- _Your instructions_: Output the lines of the entries below beginning at the one with "Now that that's" and ending with the last, exactly as written and without pictures.

Stored entries
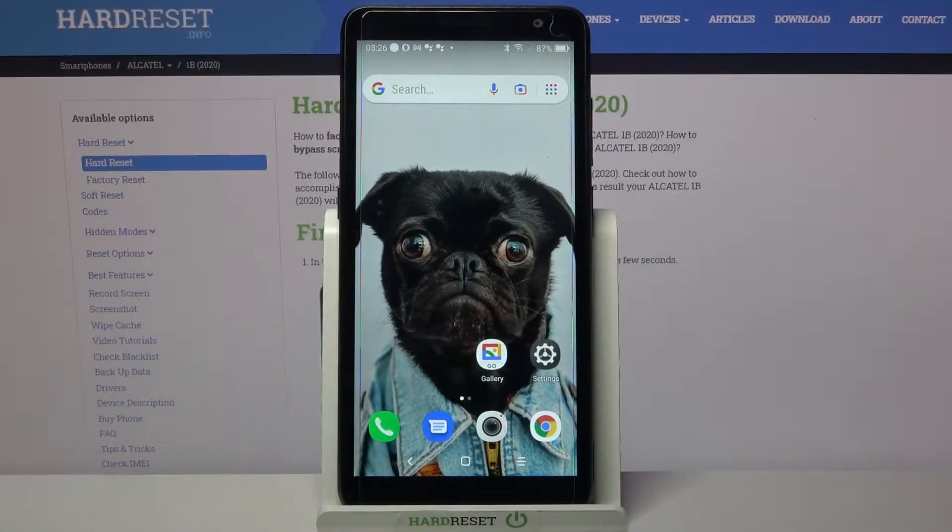Hi, in front of me is the Alcatel 1B 2020 and today I would like to show you how you can set up an alarm clock on this Alcatel device.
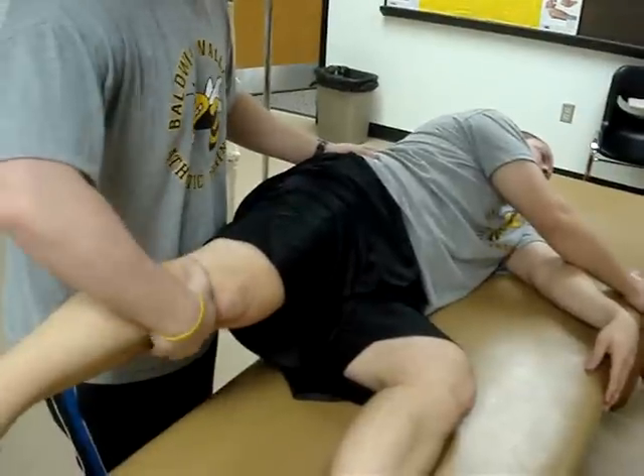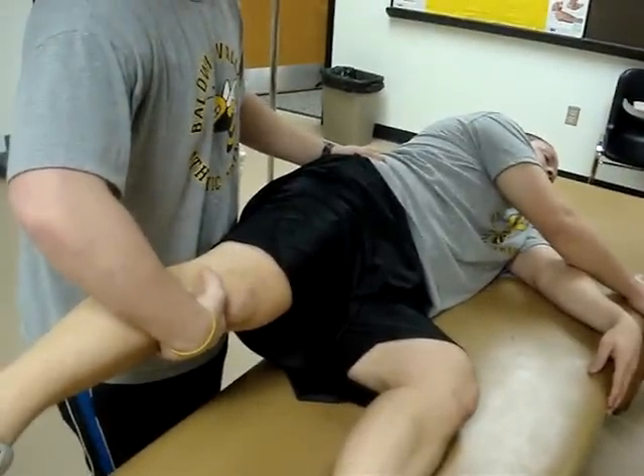Tester stands behind the athlete, places one hand under the knee and the other hand over the lateral aspect of the pelvis.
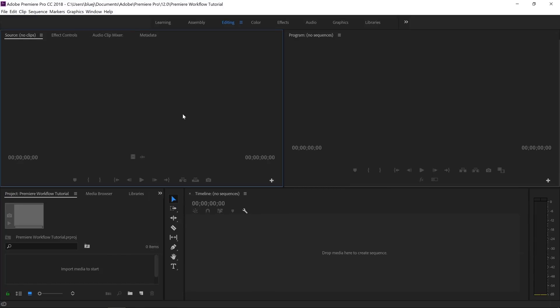So we'll open Premiere Pro — this is what it looks like when you first open it if you haven't made any changes to your workspace. The first thing I want to show you is the workspace I like to use for editing. I really only use the editing tab and the color tab. I want all of my controls in the top left corner, my timeline all the way across the bottom, and my program window on the right-hand side. I like to have a lot of real estate for my timeline so I can see all my clips.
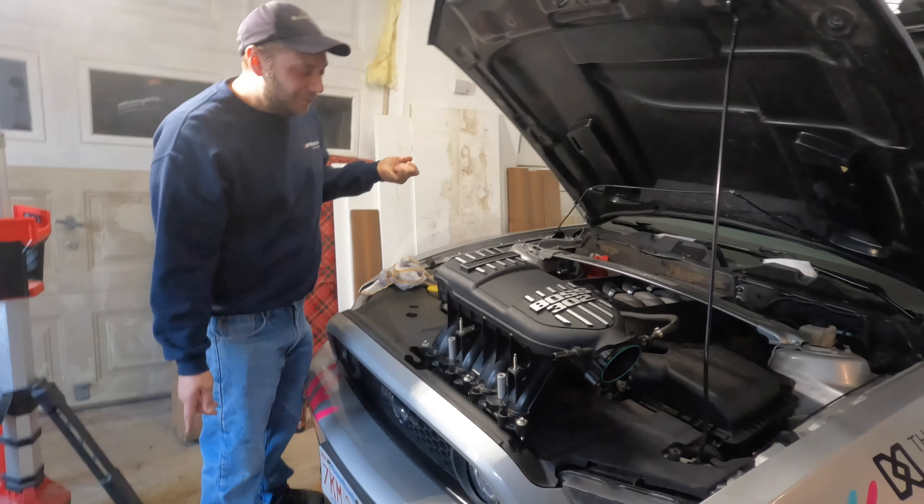Now that that's removed, next step is removal of the engine cover. This also has to go unfortunately — I actually like the look of the 5.0 cover on this, but there's no need for it and it's just not going to work with that intake on it. Next step: remove hoses.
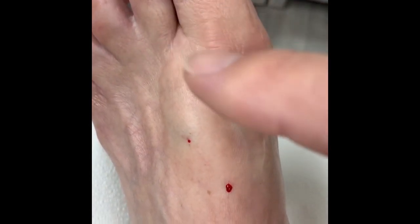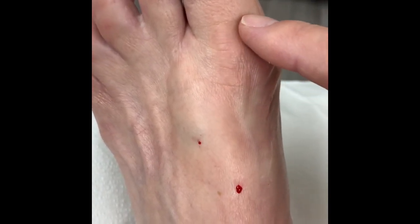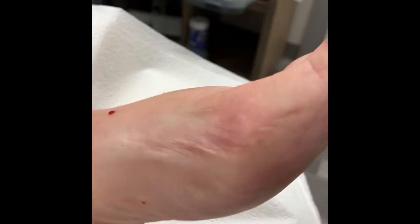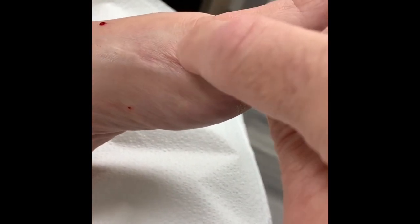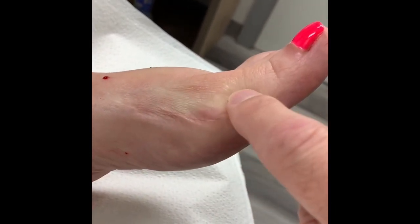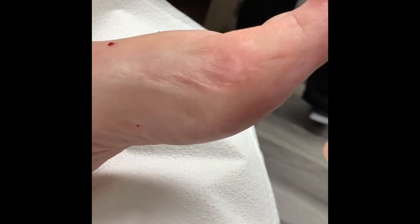All of this is arthritis — this is not anesthesia, what you guys see here is anesthesia. Now I'm going to give you guys a side view. All of this is arthritis, all of it. And as everyone can see, it's hard because the anesthesia is already here, but all of this is bone spur.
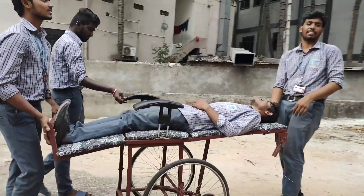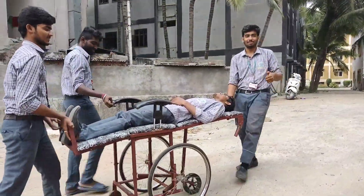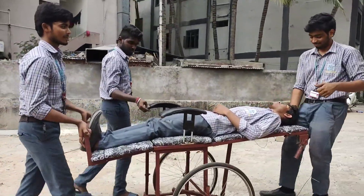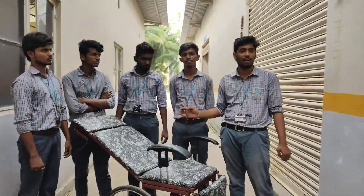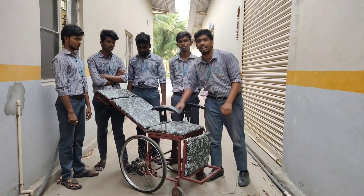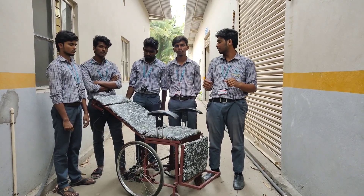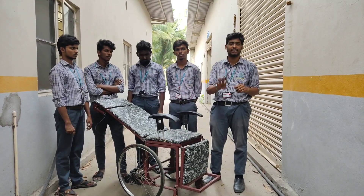We can transport the patient from one place to another with easy and comfort. This project is fabricated to provide normal rest, semi-rest, and a full stretcher mode. It provides complete rest to the patient and allows easy transport from one place to another.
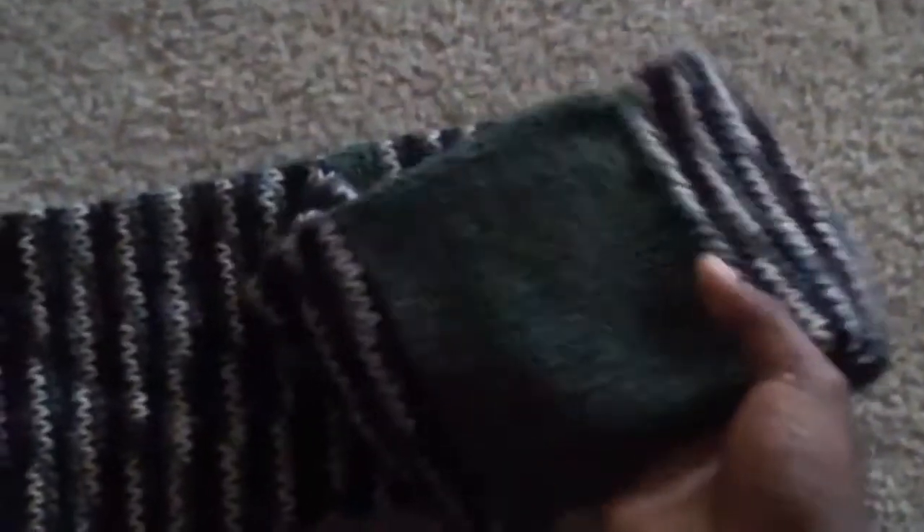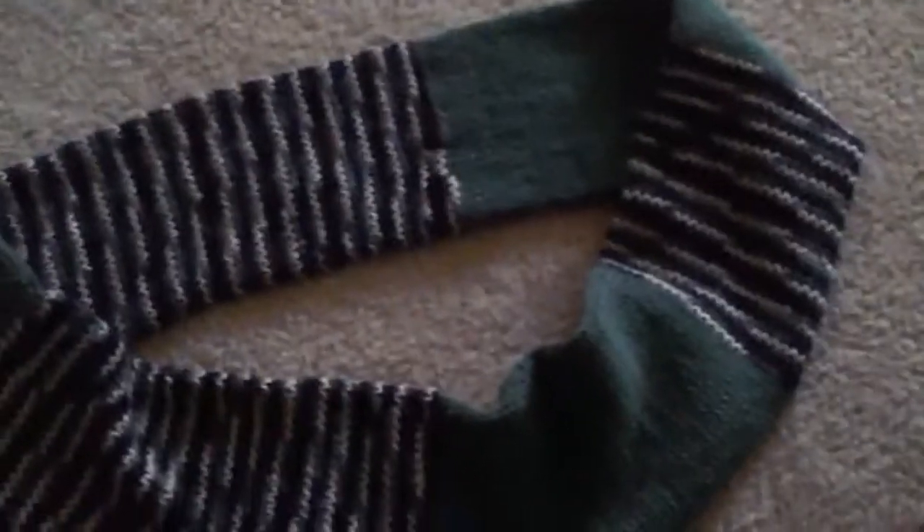So, remember this hat right here? I said that I wanted to make it a set and I wanted to make a scarf to go with it. And so I did, and here it is. As usual, it's an infinity scarf. I did blocks of color, small and long. It looks cute when it's wrapped around like it's supposed to, so that's a plus.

- _Response to this exercise_:
Now that that's removed, next step is removal of the engine cover. This also has to go unfortunately — I actually like the look of the 5.0 cover on this, but there's no need for it and it's just not going to work with that intake on it. Next step: remove hoses.
All of this is arthritis — this is not anesthesia, what you guys see here is anesthesia. Now I'm going to give you guys a side view. All of this is arthritis, all of it. And as everyone can see, it's hard because the anesthesia is already here, but all of this is bone spur.
We can transport the patient from one place to another with easy and comfort. This project is fabricated to provide normal rest, semi-rest, and a full stretcher mode. It provides complete rest to the patient and allows easy transport from one place to another.
So, remember this hat right here? I said that I wanted to make it a set and I wanted to make a scarf to go with it. And so I did, and here it is. As usual, it's an infinity scarf. I did blocks of color, small and long. It looks cute when it's wrapped around like it's supposed to, so that's a plus.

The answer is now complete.